Configure your Helm chart as follows to use the service account key to authenticate to GCS for backups:

helm install gitlab gitlab/gitlab \
  --set gitlab.task-runner.backups.objectStorage.config.secret=storage-config \
  --set gitlab.task-runner.backups.objectStorage.config.key=config \
  --set gitlab.task-runner.backups.objectStorage.config.gcpProject=my-gcp-project-id \
  --set gitlab.task-runner.backups.objectStorage.backend=gcs

In addition, two bucket locations need to be configured, one for storing the backups, and one temporary bucket that is used when restoring a backup.

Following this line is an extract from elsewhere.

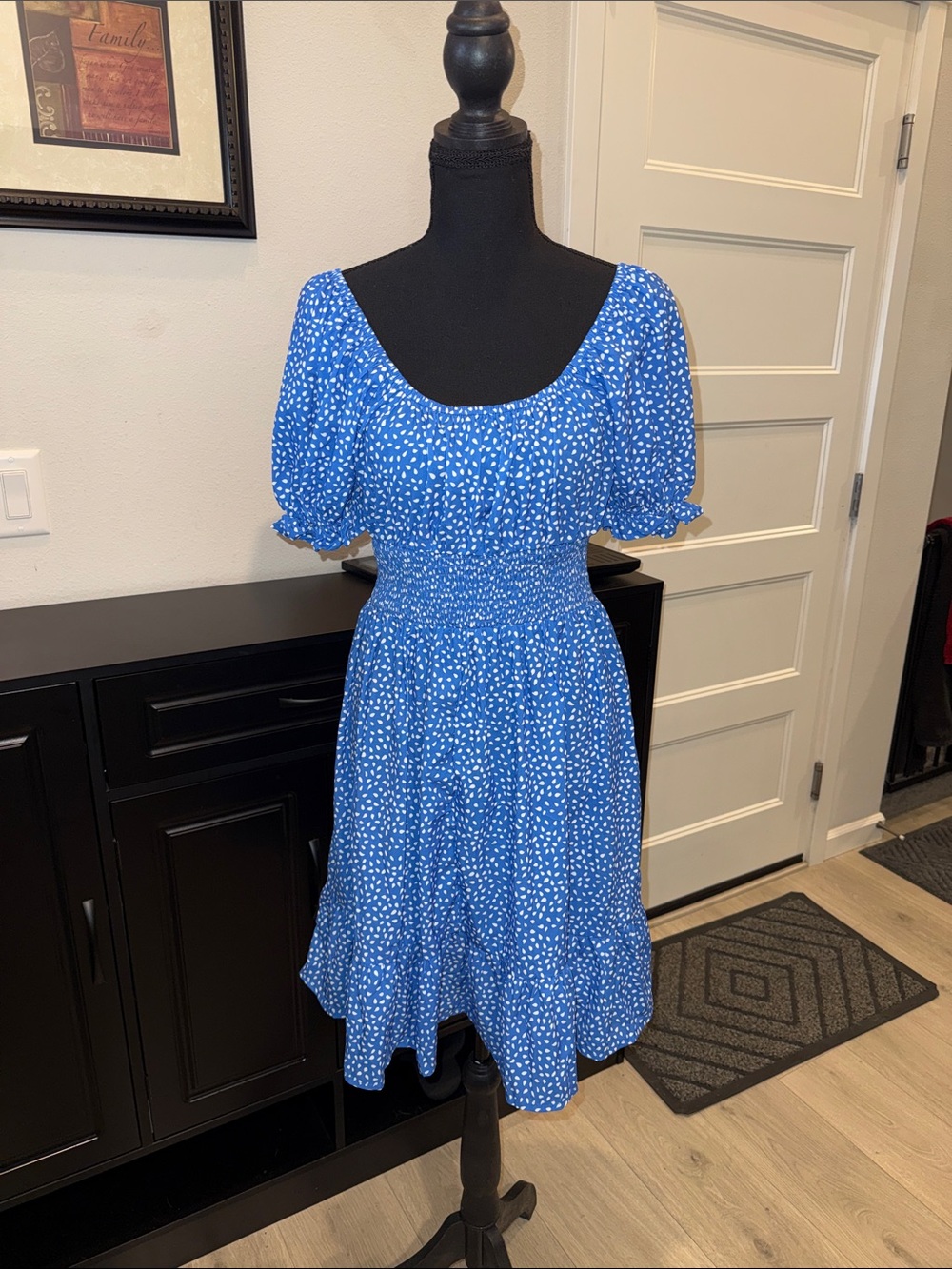 Women’s Blue Puff-Sleeve Smocked Waist Dress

--set global.appConfig.backups.bucket=gitlab-backup-storage
--set global.appConfig.backups.tmpBucket=gitlab-tmp-storage

Backup and Restoring procedures

Troubleshooting

Pod eviction issues

As the backups are assembled locally outside of the object storage target, temporary disk space is needed. The required space might exceed the size of the actual backup archive. The default configuration will use the task-runner pod’s file system to store the temporary data. If you find pod being evicted due to low resources, you should attach a persistent volume to the pod to hold the temporary data. On GKE, add the following settings to your Helm command:

--set gitlab.task-runner.persistence.enabled=true

If your backups are being run as part of the included backup cron job, then you will want to enable persistence for the cron job as well:

--set gitlab.task-runner.backups.cron.persistence.enabled=true

For other providers, you may need to create a persistent volume. See our Storage documentation for possible examples on how to do this.